### DATA EXCERPTS:
- Opening Delimiter -
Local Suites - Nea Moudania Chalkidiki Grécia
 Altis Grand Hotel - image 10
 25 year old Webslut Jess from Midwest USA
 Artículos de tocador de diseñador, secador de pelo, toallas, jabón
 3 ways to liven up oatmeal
- Closing Delimiter -
### TASK OBJECTIVE:
The answer consists solely of the lines from the one containing "25 year old Webslut Jess from Midwest USA" through the last line of the data above, reproduced exactly.

### THE COMPLETED TASK:
 25 year old Webslut Jess from Midwest USA
 Artículos de tocador de diseñador, secador de pelo, toallas, jabón
 3 ways to liven up oatmeal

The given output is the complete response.